DCM commented information regarding location and dimensions of bases indispensable to permit USG evaluate King’s proposal and that a written undertaking on the part of Papandreou to this effect would be essential to add element of reality to situation.

Next step would be to request Grivas come to Athens, possibly tomorrow, to obtain his concurrence, at least in principle. Costopoulos implied question of precise area and location of NATO base, or bases, might not be specifically discussed with Makarios or Grivas. This aspect of solution would be undertaken only by GOG as an obligation to be discharged after enosis. GOG would, however, say publicly at time enosis proposed and Greek and Cypriot Parliaments convoked, that GOG would be prepared grant NATO base and that Makarios had concurred.

Costopoulos confided to DCM on “top secret” basis, that Kyprianou and Georkadjis had agreed to support a GOG push for enosis when the appropriate circumstances have been created. This apparently included agreement to principle of NATO base and willingness denounce Makarios in event his defection. Meanwhile some additional 500 military, “not fighters, mostly technicians” (sic), were being sent to Cyprus and other unspecified measures being taken strengthen GOG position there.

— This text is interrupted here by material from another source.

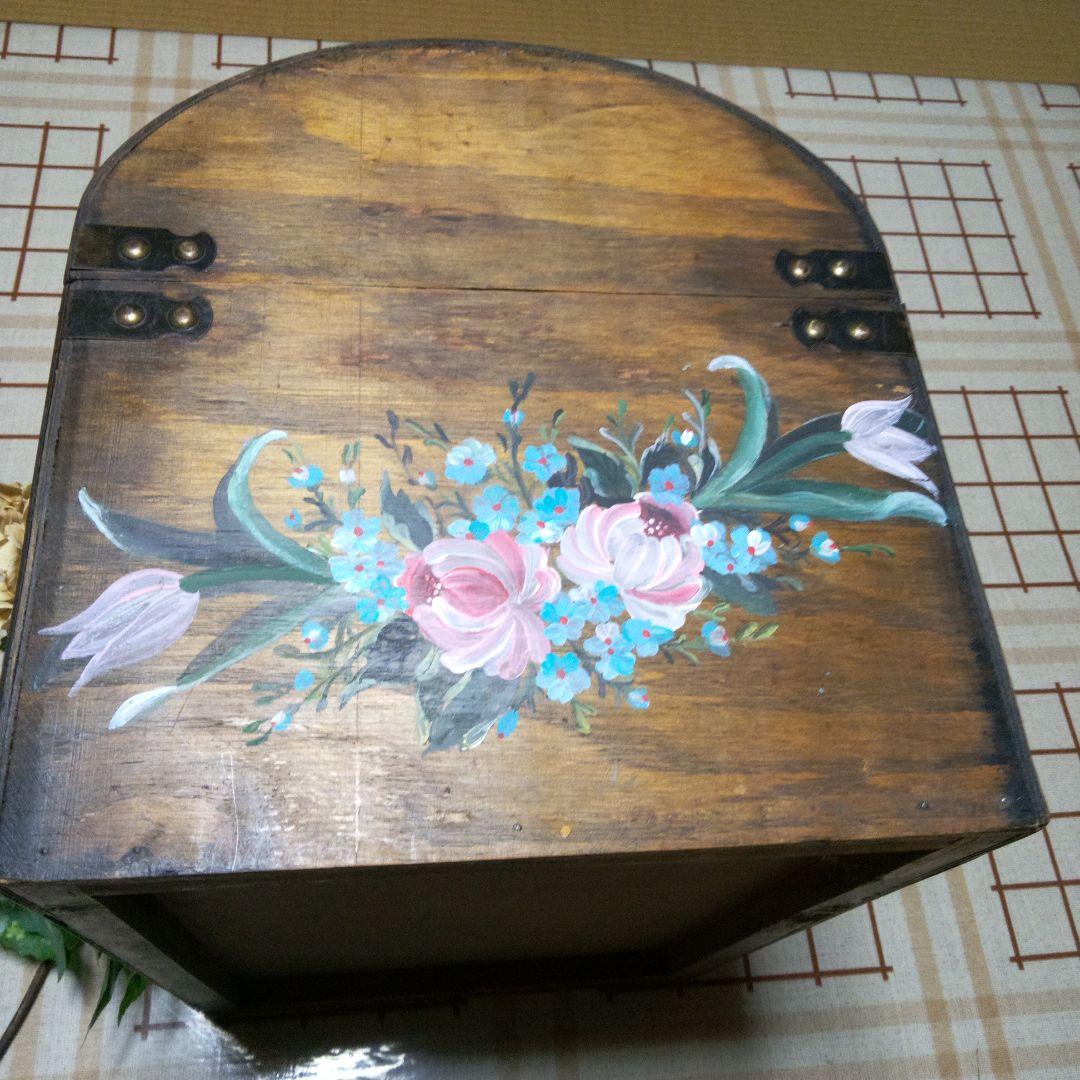昭和レトロ　大型トランク型　お値下げ中！　収納木箱　花絵柄　インテリア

DCM pushed Costopoulos hard regarding current status of Cypriot/Soviet negotiations. Costopoulos was very vague, but after further interrogation said one of principal reasons for Makarios’ visit to Cairo [Page 295] tomorrow is to make arrangements for basing of “the 15 planes” which Makarios is endeavoring to have delivered as soon as possible. Although Costopoulos declined to be precise, DCM came away with impression planes presumably of Soviet origin might be available within next week or so, and that they would be piloted ostensibly by Cypriots but actually by Greek civilians. (Comment: Garoufalias once argued that use Greek civilian pilots would provide GOG with best possible control if Makarios insisted planes be made available to GOG.)

Comment: Costopoulos explanation leaves much to be desired, and DCM tells me FonMin obviously did not appear prepared to talk of matter in any detail. I have asked to see PriMin. If GOG prepared screw up its courage, give us assurances in writing along lines King’s proposal but with more detail, and force issue with Makarios, King’s proposal probably worth serious consideration by GOT, UK and USG. GOG (assuming Grivas backing) may have in mind possibility using alleged Makarios “commitment” as justification for public break with him.

Labouisse
  1. Source: Department of State, Central Files, POL 27 CYP. Secret; Flash; Nodis-TAG. Received at 11:07 a.m. and repeated to Ankara, London, Geneva for Acheson, and Nicosia. Passed to the White House.
  2. Telegram 407 from Athens, August 26, reported that the King had won Makarios’ agreement to the creation of a NATO base on Cyprus following enosis, and government and opposition agreement in Greece for the lease of a base on Kastellorizon to Turkey. (Ibid.) The text of the King’s message to President Johnson was transmitted in telegram 408 from Athens, August 26. (Ibid.)